AutoZone enters its fiscal Q4 earnings on June 2 from a position of maximum damage already done — the stock has fallen 18% in a month to $2,935, and the Q3 print on May 26 was punished with an 11% single-day drop. The question for Monday is whether the Street's thesis holds or cracks further.
The analyst response to Q3 was striking in its uniformity. Every firm that moved cut its price target — not a single one changed its rating. Citigroup trimmed to $3,700 from $4,300 just this week. JPMorgan held Overweight and pulled its target to $3,850 from $4,300. Morgan Stanley kept Overweight at $3,605. The consensus mean now sits around $3,907 — roughly 33% above the current price. That gap is unusually wide for a large-cap retailer with 17 buys and 4 outperforms in the ratings stack. The Street is not abandoning the stock. It is recalibrating how long recovery takes.
The bull case rests on FY27 EPS of $186 and an expected margin recovery that short sellers are not yet pricing in at scale. SI has risen 26% over the past month to 2.3% of the free float — a notable directional move — but the absolute level remains low. The borrow market is completely unstressed: cost to borrow is 0.38%, down 11% on the week, and availability is vast at over 6,500% of short interest. Bears hold the momentum argument, pointing to LIFO charges, margin compression, and a store growth pace that risks outrunning operating leverage. The EV/EBITDA multiple has drifted down 30 points over the past month to 13.4x — the valuation is compressing alongside the price, not rebasing to a new floor yet.

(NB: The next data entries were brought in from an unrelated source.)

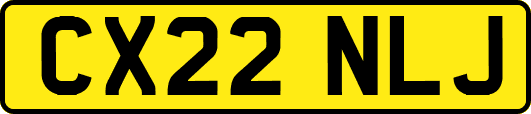 CX22NLJ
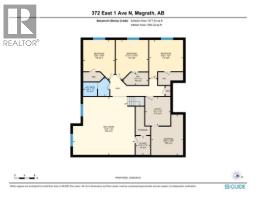 372 E 1 Avenue N, Magrath, AB T0K1J0 Photo 50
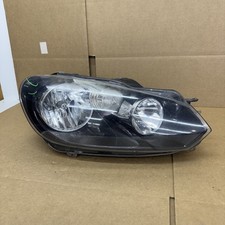 2010 2014 volkswagen for sale  Grove City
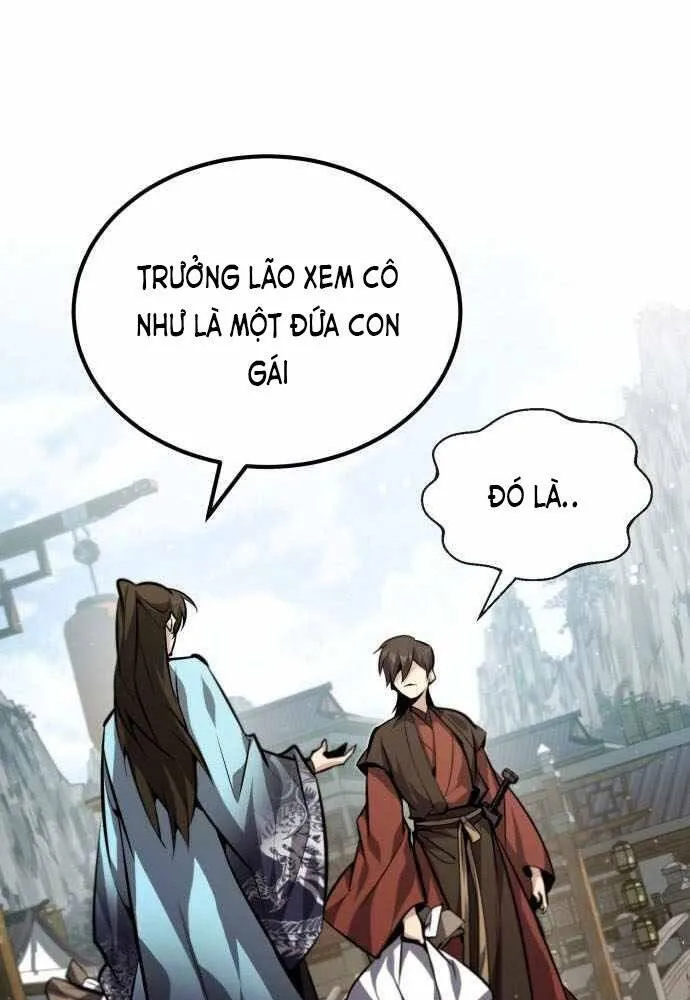 Trang 57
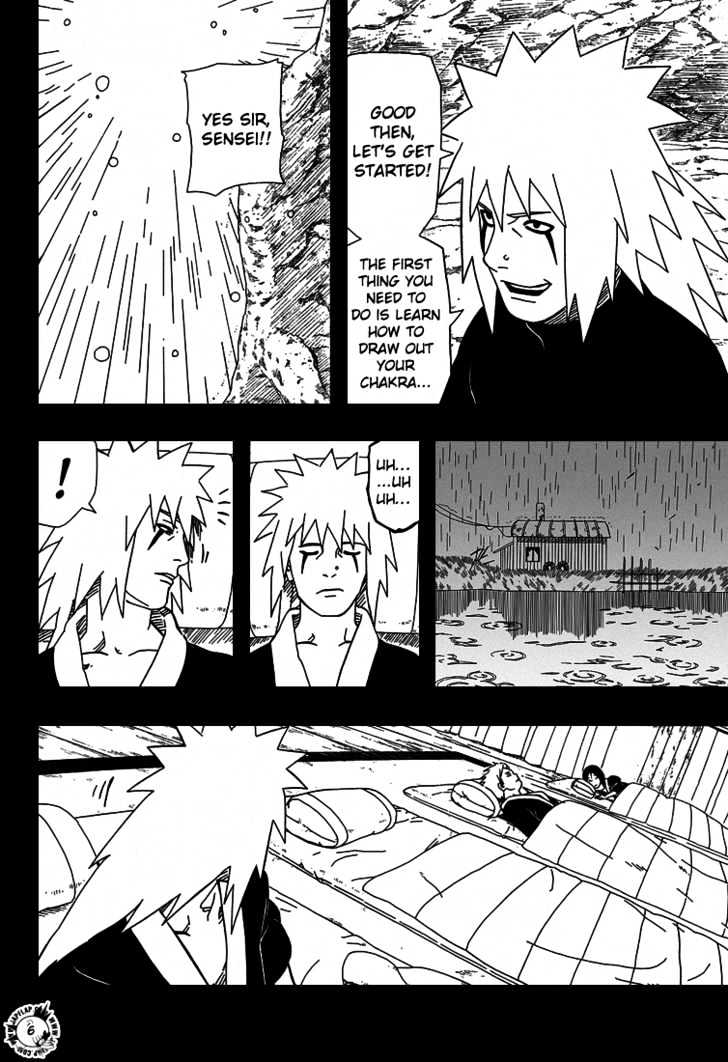 Page 8 of Chapter 373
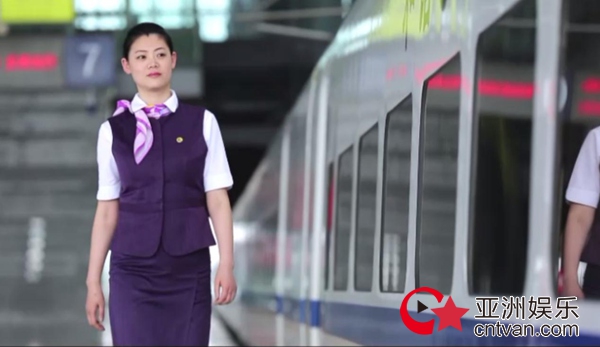 紧扣时代话题的《美好时代》，获广电总局点赞“有价值有温度”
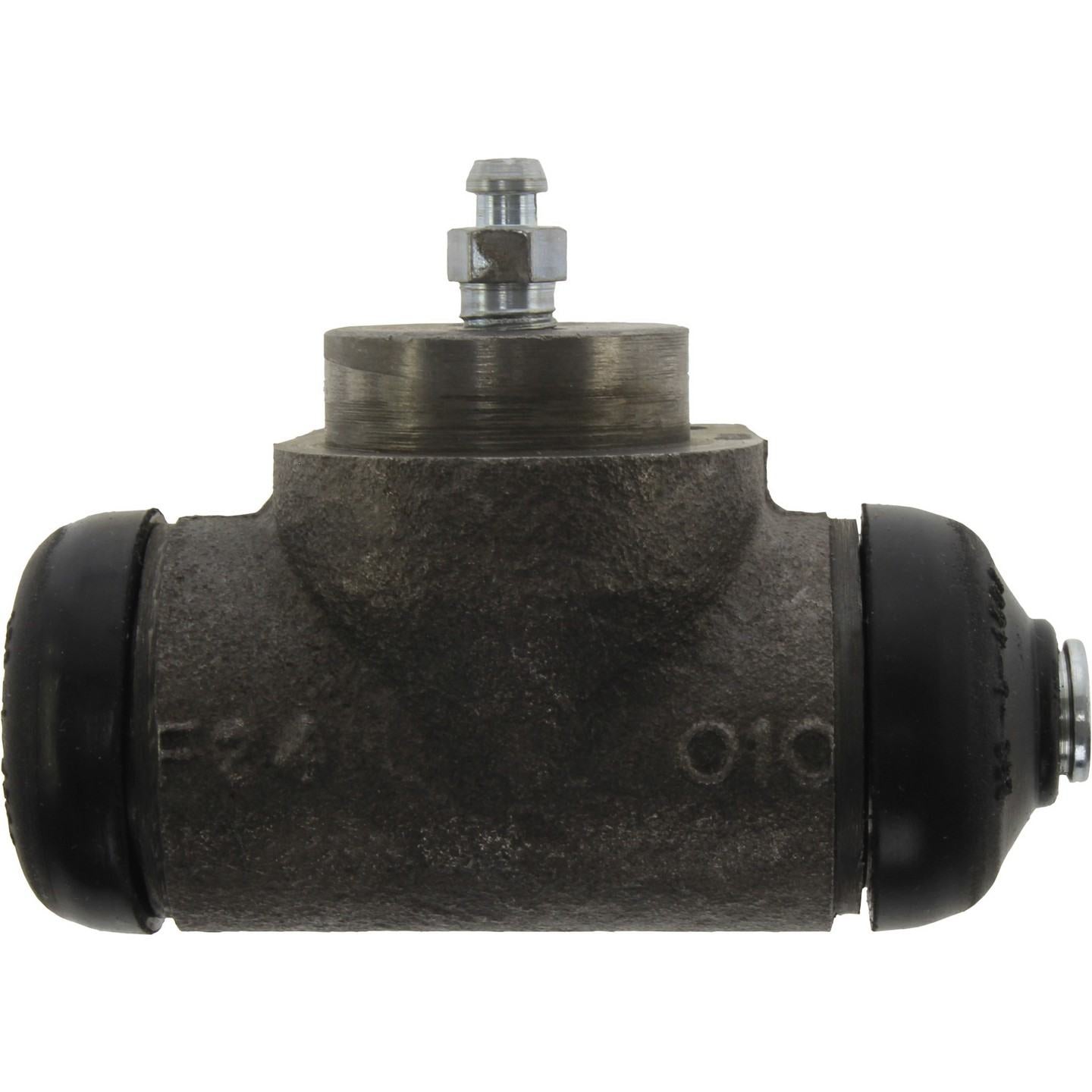 Centric Parts Premium Wheel Cylinder 134.62051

Options positioning has nudged slightly more defensive since the Q3 drop, but not dramatically so. The put/call ratio edged up to 0.73, fractionally above its 20-day average of 0.71. That's a mild uptick — not the kind of elevated hedging that preceded the May 26 selloff when the PCR was broadly neutral. The closest peer, ORLY, fell 3.2% on the week while AZO dropped nearly 14% — a significant divergence that underlines how much of the Q3 disappointment was specific to AutoZone's margin profile rather than sector-wide demand softness.
The June 2 print is therefore a test of whether the margin narrative is deteriorating further or stabilising — and whether a 33% gap between price and consensus target reflects a buying opportunity or a Street that has not yet finished resetting its numbers.